GIVEN RECORDS:
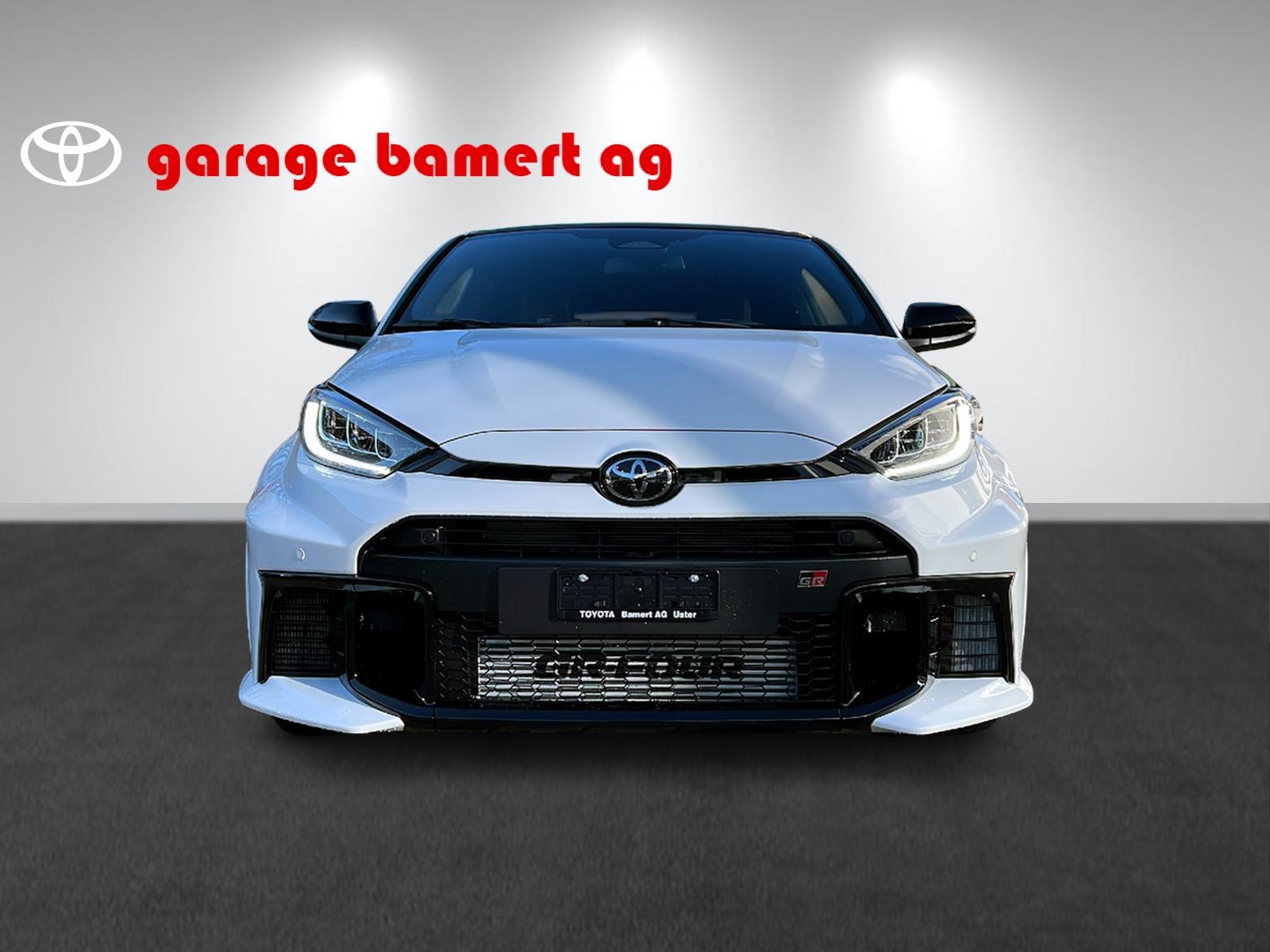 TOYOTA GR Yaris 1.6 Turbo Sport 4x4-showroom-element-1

* * *

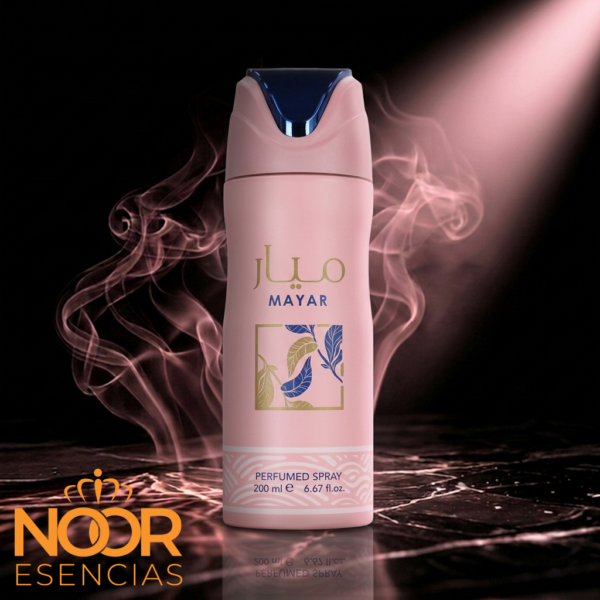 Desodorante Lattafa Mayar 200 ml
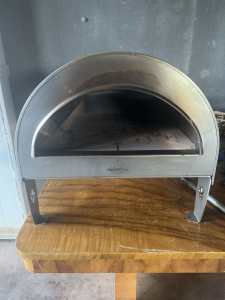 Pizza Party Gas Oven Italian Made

TASK TO COMPLETE: Lines from the one above containing "Desodorante Lattafa Mayar 200 ml" down to the one containing "Pizza Party Gas Oven Italian Made" should be transcribed exactly, with both ends kept and no pictures.

TASK RESPONSE:
 Desodorante Lattafa Mayar 200 ml
 Pizza Party Gas Oven Italian Made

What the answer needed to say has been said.